世界最大の造船会社で毎月1人の労働者が死亡
2015-11-12
韓国の労働組合員は11月16~18日にジュネーブで開催される国連ビジネスと人権フォーラムにおいて、世界最大の造船会社である現代重工業グループ(HHI)で死亡者数が増えている状況に警鐘を鳴らす。
2014年3月から2015年10月までに15件の事故が発生し、合計16人の労働者が死亡した。ほぼ月1人のペースである。現地の活動家も韓国の労働組合員とともに、11月17日(火)午後1時にパレ・デ・ナシオンの「壊れた椅子」前で開かれる抗議集会と儀式に参加し、犠牲者を追悼する。
労働者は圧死したり、海に落ちて溺死したりしており、機械に挟まれて窒息死した例さえある。
亡くなった労働者全員が下請業者に雇用されており、HHIの「リスク外部委託」方針を反映している。
HHIは、労働者とその任務が明らかにHHIの管理下にあったにもかかわらず、契約労働者の死亡に対する責任を取ろうとしていない。

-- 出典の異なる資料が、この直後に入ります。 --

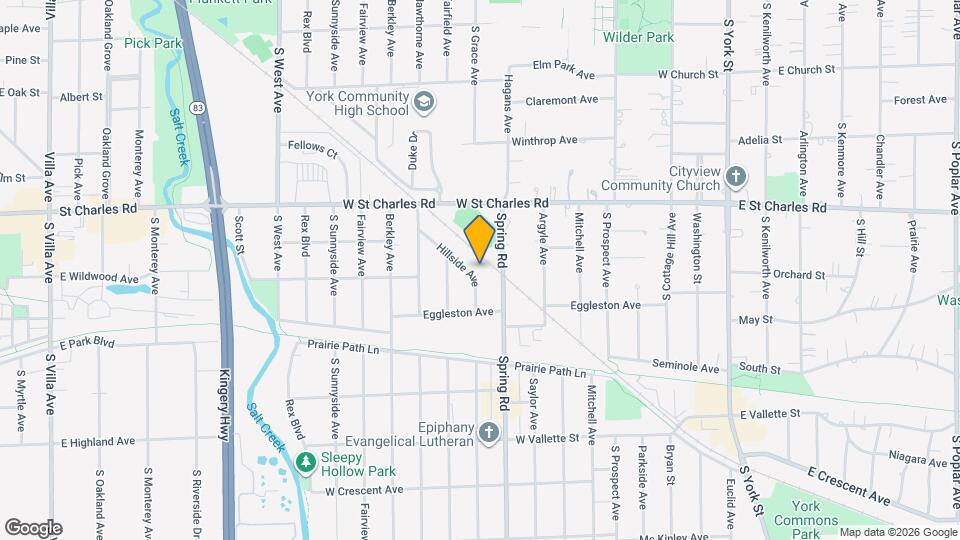 310 W Hillside Ave Rentals in Elmhurst, IL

それどころか、死亡者はHHIの下請業者で働いており、直接HHIに雇われていたわけではなかったため、過去5年間にHHIが負担した労働災害保険料はほぼ8,700万米ドル少なくて済んでいる。
「HHIは、そのような抜け穴を悪用して法的責任を逃れているが、道義的責任を逃れることはできない」と、HHI造船所とその子会社で働く下請労働者を代表する現代重工業下請労組のハ・チャンミン地方組合委員長は言う。「現代の造船所で労働条件を改善できるのは現代だけだ」
現地のHHI下請労組の組合員も加わる代表団は国連フォーラムで、HHIの劣悪な安全衛生実績を取り上げ、買い手である企業に対し、グローバル・サプライチェーンで労働者(特に下請労働者)の人権を保護する責任を認めるよう要求する。
代表団は、国連フォーラムで演説する予定のイ・ソンホ韓国国家人権委員会委員長とも会談する。

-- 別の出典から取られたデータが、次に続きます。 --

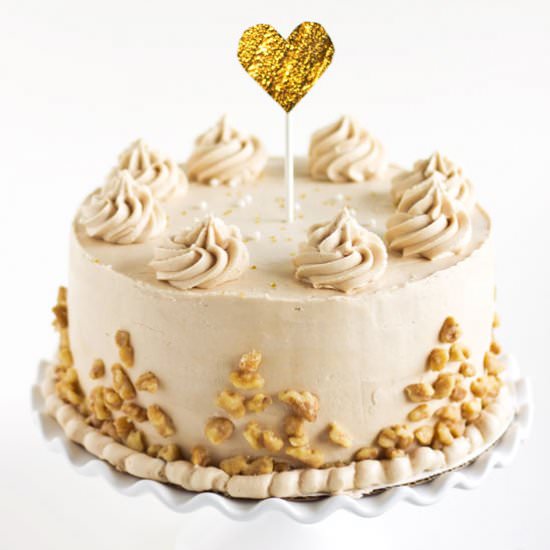Maple Walnut Cake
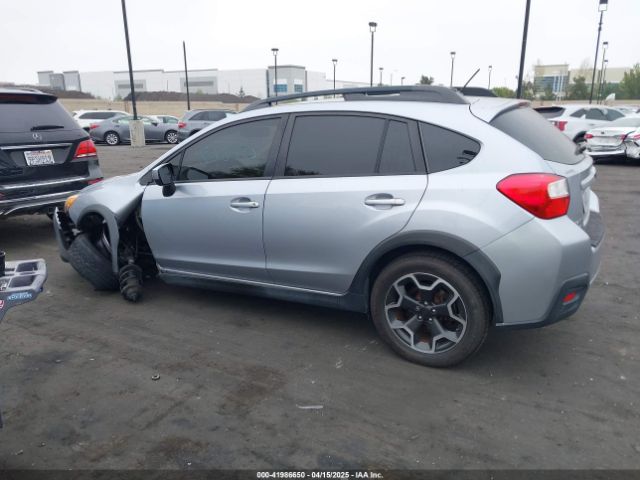JF2GPADC0F8282107 Subaru Xv Crosstrek 2.0i Premium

HHI下請労組は韓国金属労組(KMWU)を通してインダストリオールに加盟している。KMWUは同委員会に正式に苦情を申し立て、HHIの危険な労働条件と労働組合権の侵害について概説する予定である。
HHIは現地の下請労組の承認を拒否しており、同労組の合法的な活動を妨害しようと積極的に画策している。例えば下請業者に対し、組合活動家を解雇してブラックリストに載せ、他の下請業者に就職できないようにしたり、組合の力が強い事業所を閉鎖したりさせている。

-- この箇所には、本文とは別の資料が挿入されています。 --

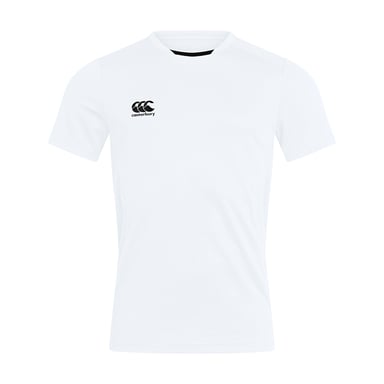 Canterbury Unisex Adult Club Dry T-Shirt (White)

韓国の裁判所は、HHIは不当労働行為を犯しており、下請労働者の労働条件に責任を負わなければならないとの判決を下しているが、韓国政府はこれを無視しており、権利の侵害が続いている。
HHIは韓国有数の財閥で、この国を支配する全能の多国籍コングロマリットである。支配株主のチョン・モンジュン元FIFA副会長は、FIFA倫理委員会によって6年間の資格停止処分を受けた。
韓国の労働組合代表団はスイス滞在中に、ジュネーブに本社を置く世界第2位のコンテナ輸送会社で、HHIの主要顧客であるMSCとの会談も求める予定である。